Ricardo Chavarín

Personal information
- Full name: Ricardo Heliodoro Chavarín Dueñas
- Date of birth: 3 July 1951 (age 74)
- Place of birth: Atenguillo, Jalisco, Mexico
- Position: Striker

Senior career*
- Years: Team / Apps / (Gls)
- 1969–1971: Nacional
- 1971–1976: Atlas
- 1976–1982: Universidad Guadalajara / 81 / (16)
- 1979: → Deportivo Neza (loan) / 6 / (1)

International career
- 1971–1979: Mexico / 11 / (1)

= Ricardo Chavarín =

Mexican footballer (born 1951)

Ricardo Heliodoro Chavarín Dueñas (born July 3, 1951) is a former Mexican football striker.

==Club career==
Born in Atenguillo, Jalisco, Chavarín began playing football with local side Club Deportivo Nacional in the Segunda Division.
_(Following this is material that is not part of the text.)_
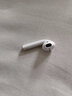【二手99新】Apple/苹果 AirPods2单只耳机补配二代三代四代左耳右耳充电盒无线蓝牙耳机 二代单只 右耳9新 实拍图
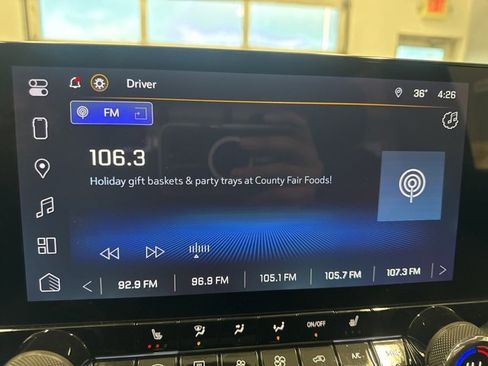 Used 2024 Chevrolet Colorado Z71 image 21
In 1971, he joined Club Atlas where he was nicknamed Astro Boy after a Japanese cartoon popular at the time. Chavarín scored a goal for Atlas on his debut, but the club couldn't avoid relegation in his first season.

==International career==
Chavarín made eleven appearances for Mexico, including the 1971 CONCACAF Championship finals.